### Data excerpts
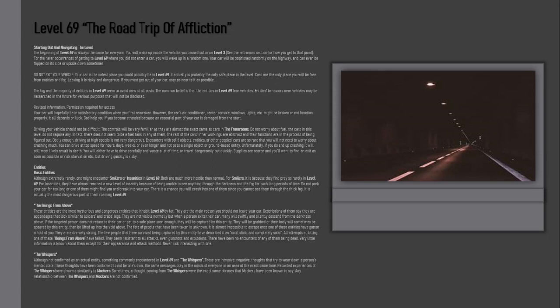The few people that have survived being captured by this entity have described it as cold, slick, and completely solid. All attempts at killing one of these beings from above have failed. They seem resistant to all attacks, even gunshots and explosions.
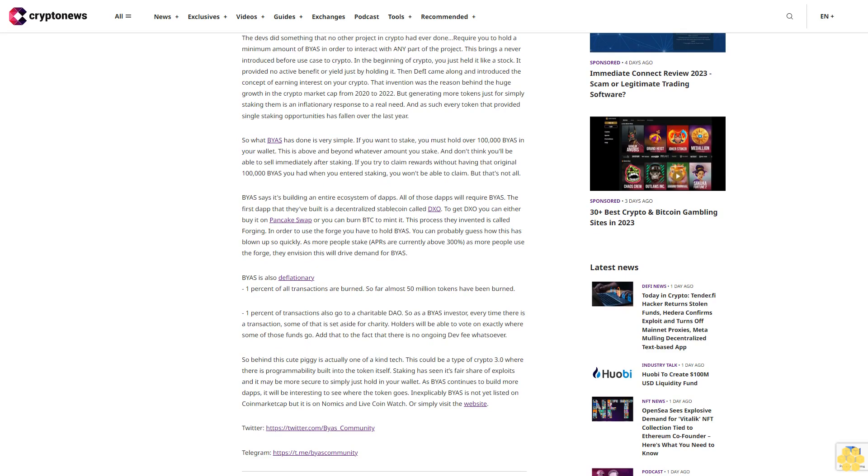Inexplicably, BIAS is not yet listed on CoinMarketCap, but it is on Nomics and LiveCoinWatch. Or simply visit the website. Twitter: twitter.com/bias_community. Telegram: t.me/bias_community.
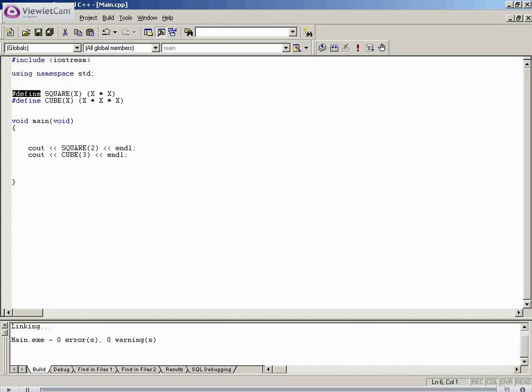The square of 2 is 4, the cube of 3 is 27. I've been Sean Grizzly. This has been a quick glance at the use of defined procedures. Thank you for listening to the tutorial. Goodbye.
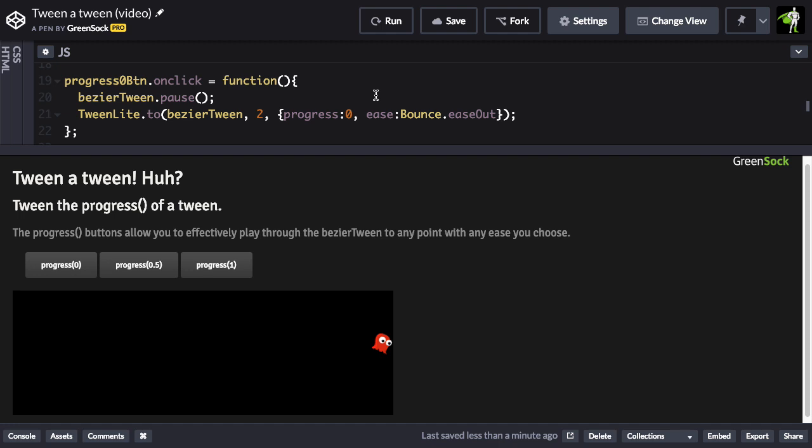But what I want to focus on is this TweenLight2Tween. What's happening here is we are specifying that the BezierTween is going to be the target of this tween, and the value we're going to be tweening, or the property, is the progress.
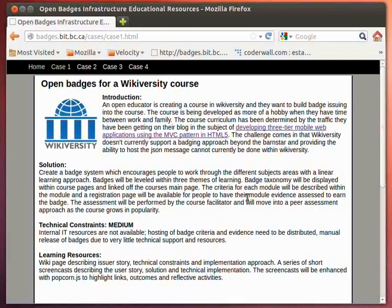The person developing the course really wants to support Open Badges and wants to create a system where they can use Open Badges infrastructure against the course. The solution the course developer, the Open Educator, has come up with is one where as the person progresses through the course and hits certain milestones within the different themes of learning, they will be awarded a badge.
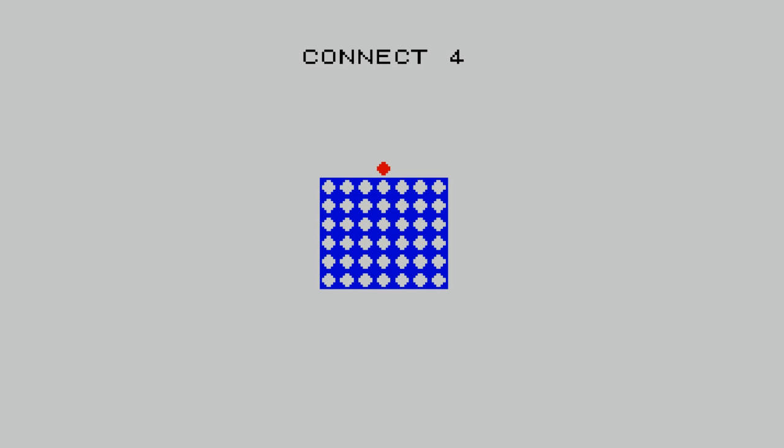So our first task then is to make a red counter appear in the center, and then after that we're going to allow the user to press the O and P keys to move the counter left and right. And we also need to put some validation in to make sure that the counter can't be moved off the edge. So it always stops at the very left hand cell or the right hand cell. So first of all, let's get the counter displayed.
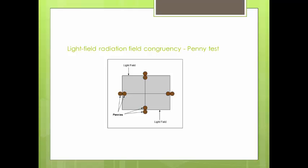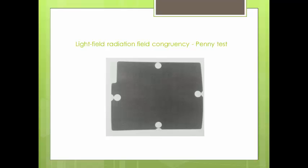Here is an example of what your penny test should look like. You can see that we have an 8x10 light field shown by the blue rectangle on the screen. In the center of each side there is a penny within the light field and a penny outside of the light field, and those pennies are touching. Once processed, you can see all of the inside light field pennies as well as a little bit of the outside pennies.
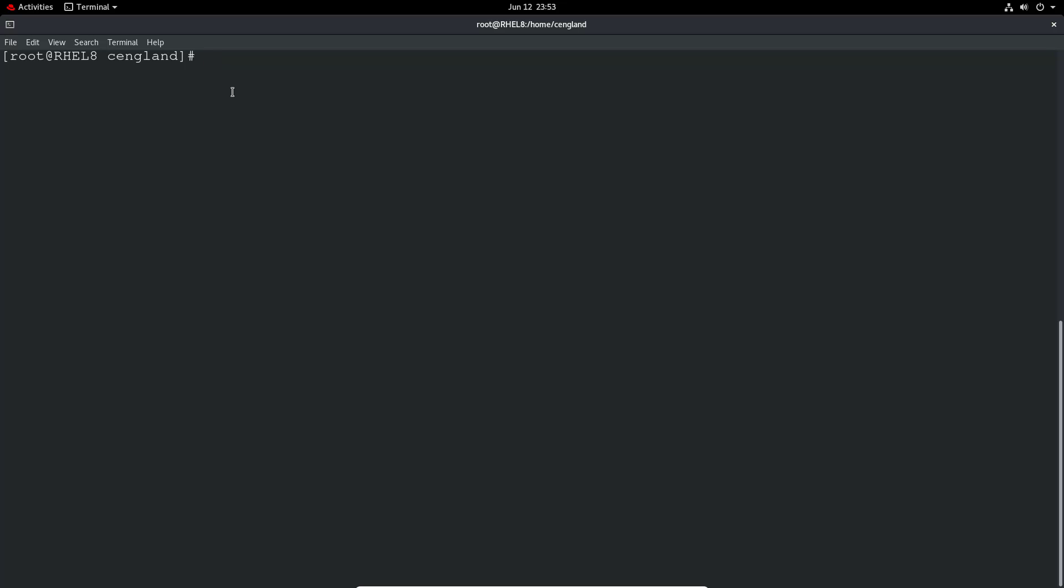All users when they're created get created with a particular user ID which is like a unique number and a group ID because we've got that group being added as well. They have to be unique on the system and they get automatically created. We can see that within the /etc/group for the particular user. In this case we can see in /etc/group user 2's group ID is 1005.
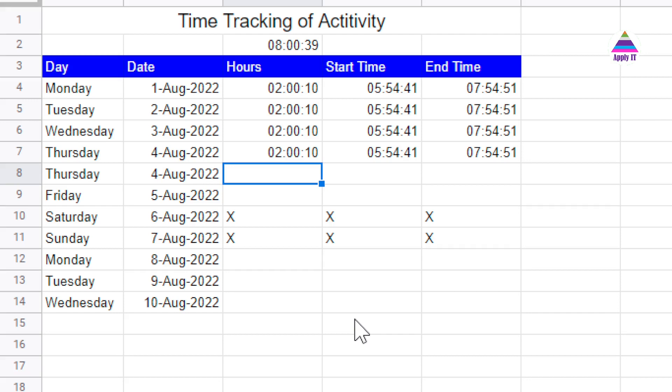In this video, we will learn about how to calculate time that is spent in an activity. If some workers are working under you and you want to keep track of time that they are spending in activity, or you are working as a freelancer for some client and you want to keep track of how much time you spend with the client, in this situation this is very useful.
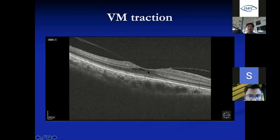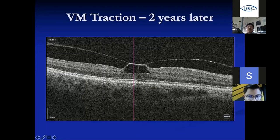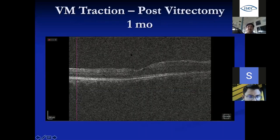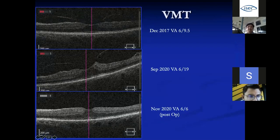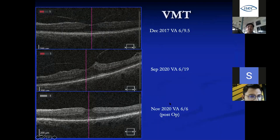If not symptomatic we watch; if symptomatic — losing vision to 6/12 or worse, or having distortion — we'll proceed to surgery. In one patient, we watched over two years as the traction was still pulling on the retina, and once they became symptomatic, we performed a vitrectomy. One month later, there was no more traction on the retina. Another patient with 6/9 vision: we watched three years before he became symptomatic, then performed operation. By September 2020, vision was restored to 6/6 with no more traction.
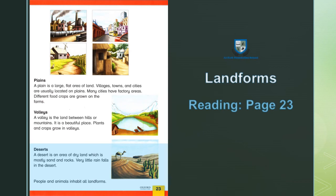People and animals inhabit all land forms. They are found all over the world.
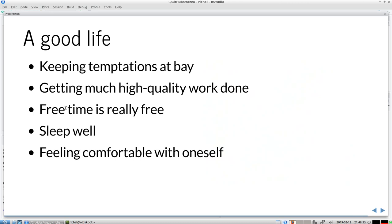The good life that you may obtain is that you can keep temptations at bay. You've trained your brain to allow a bit of boredom. You get much high quality work done. Your free time is really free. You'll sleep well and you feel comfortable with yourself because you can't work harder and you are what you are in the end.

### Directions for this task
Reproduce the entries above exactly, though not their pictures.

### Result of this task
The few people that have survived being captured by this entity have described it as cold, slick, and completely solid. All attempts at killing one of these beings from above have failed. They seem resistant to all attacks, even gunshots and explosions.
Inexplicably, BIAS is not yet listed on CoinMarketCap, but it is on Nomics and LiveCoinWatch. Or simply visit the website. Twitter: twitter.com/bias_community. Telegram: t.me/bias_community.
The square of 2 is 4, the cube of 3 is 27. I've been Sean Grizzly. This has been a quick glance at the use of defined procedures. Thank you for listening to the tutorial. Goodbye.
But what I want to focus on is this TweenLight2Tween. What's happening here is we are specifying that the BezierTween is going to be the target of this tween, and the value we're going to be tweening, or the property, is the progress.
The person developing the course really wants to support Open Badges and wants to create a system where they can use Open Badges infrastructure against the course. The solution the course developer, the Open Educator, has come up with is one where as the person progresses through the course and hits certain milestones within the different themes of learning, they will be awarded a badge.
So our first task then is to make a red counter appear in the center, and then after that we're going to allow the user to press the O and P keys to move the counter left and right. And we also need to put some validation in to make sure that the counter can't be moved off the edge. So it always stops at the very left hand cell or the right hand cell. So first of all, let's get the counter displayed.
Here is an example of what your penny test should look like. You can see that we have an 8x10 light field shown by the blue rectangle on the screen. In the center of each side there is a penny within the light field and a penny outside of the light field, and those pennies are touching. Once processed, you can see all of the inside light field pennies as well as a little bit of the outside pennies.
All users when they're created get created with a particular user ID which is like a unique number and a group ID because we've got that group being added as well. They have to be unique on the system and they get automatically created. We can see that within the /etc/group for the particular user. In this case we can see in /etc/group user 2's group ID is 1005.
In this video, we will learn about how to calculate time that is spent in an activity. If some workers are working under you and you want to keep track of time that they are spending in activity, or you are working as a freelancer for some client and you want to keep track of how much time you spend with the client, in this situation this is very useful.
If not symptomatic we watch; if symptomatic — losing vision to 6/12 or worse, or having distortion — we'll proceed to surgery. In one patient, we watched over two years as the traction was still pulling on the retina, and once they became symptomatic, we performed a vitrectomy. One month later, there was no more traction on the retina. Another patient with 6/9 vision: we watched three years before he became symptomatic, then performed operation. By September 2020, vision was restored to 6/6 with no more traction.
People and animals inhabit all land forms. They are found all over the world.
The good life that you may obtain is that you can keep temptations at bay. You've trained your brain to allow a bit of boredom. You get much high quality work done. Your free time is really free. You'll sleep well and you feel comfortable with yourself because you can't work harder and you are what you are in the end.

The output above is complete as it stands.